| Exercise materials |
# # #

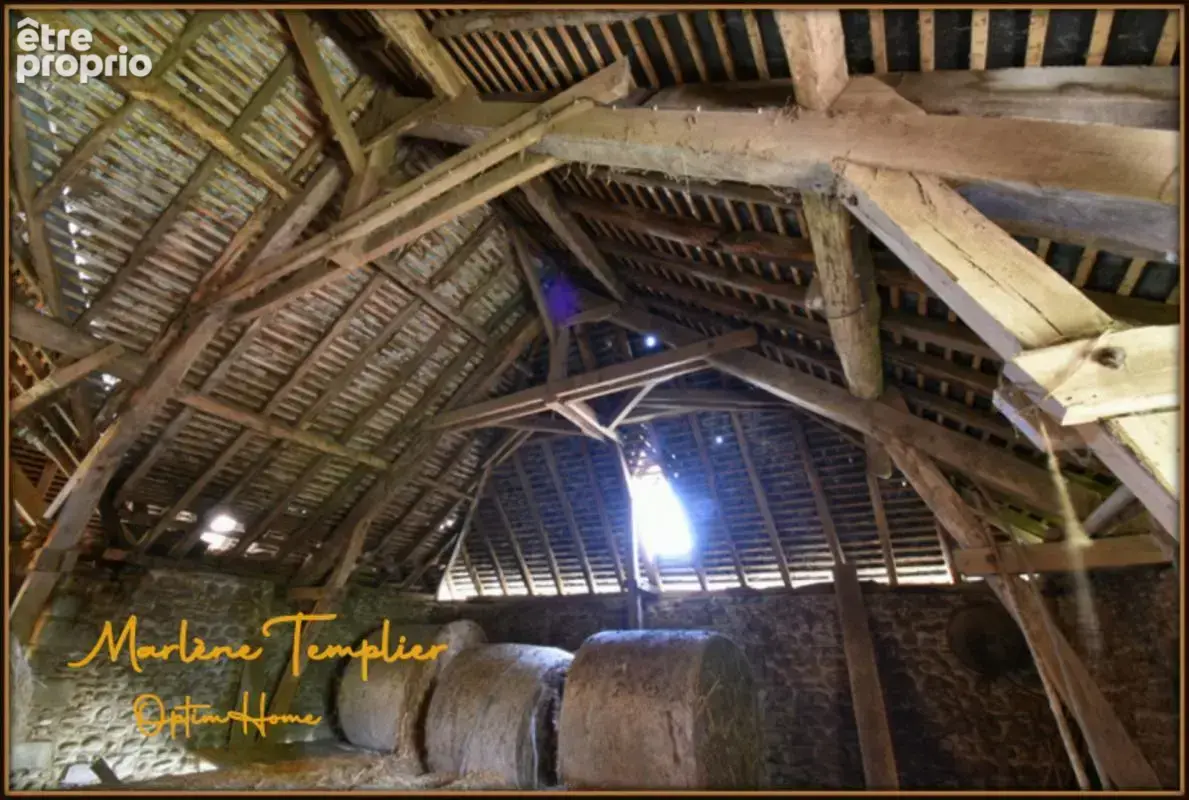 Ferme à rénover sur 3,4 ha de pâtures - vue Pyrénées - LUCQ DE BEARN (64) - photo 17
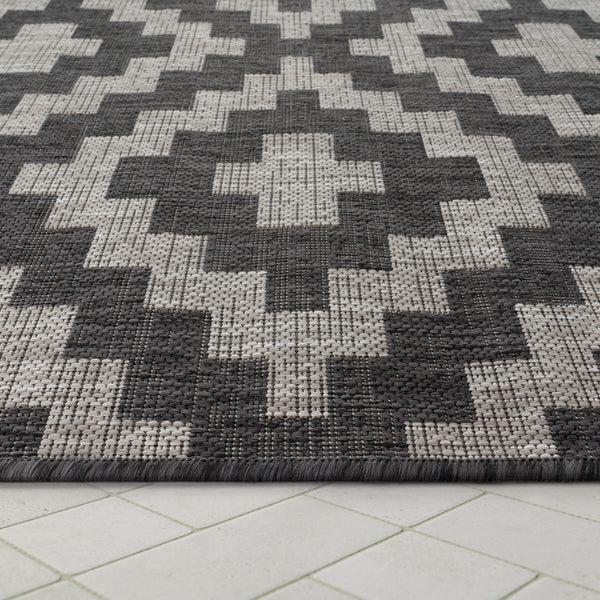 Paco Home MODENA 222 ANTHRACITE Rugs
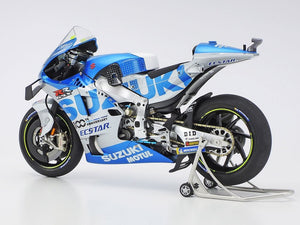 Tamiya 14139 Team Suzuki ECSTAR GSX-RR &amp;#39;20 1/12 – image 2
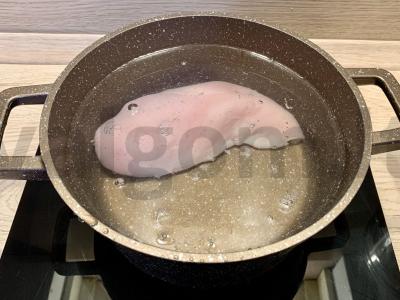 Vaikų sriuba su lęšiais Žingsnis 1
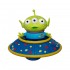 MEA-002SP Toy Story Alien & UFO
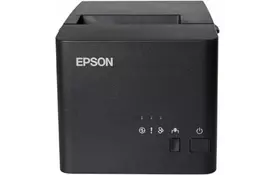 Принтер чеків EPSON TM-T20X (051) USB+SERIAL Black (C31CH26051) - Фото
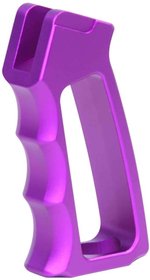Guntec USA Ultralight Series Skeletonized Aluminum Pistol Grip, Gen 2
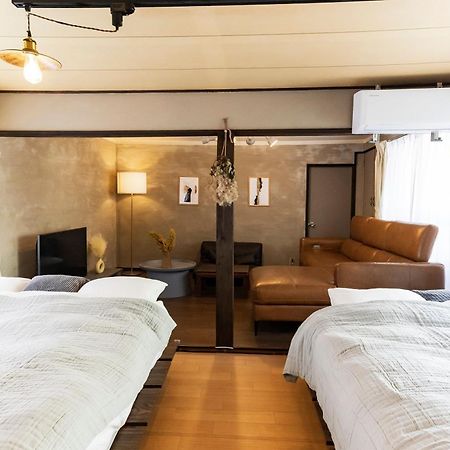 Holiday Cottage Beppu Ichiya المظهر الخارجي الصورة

# # #

| What the task asks |
Copy out all the entries exactly. Images stay out of the copy.

| Problem solution |
 Ferme à rénover sur 3,4 ha de pâtures - vue Pyrénées - LUCQ DE BEARN (64) - photo 17
 Paco Home MODENA 222 ANTHRACITE Rugs
 Tamiya 14139 Team Suzuki ECSTAR GSX-RR &amp;#39;20 1/12 – image 2
 Vaikų sriuba su lęšiais Žingsnis 1
 MEA-002SP Toy Story Alien & UFO
 Принтер чеків EPSON TM-T20X (051) USB+SERIAL Black (C31CH26051) - Фото
Guntec USA Ultralight Series Skeletonized Aluminum Pistol Grip, Gen 2
 Holiday Cottage Beppu Ichiya المظهر الخارجي الصورة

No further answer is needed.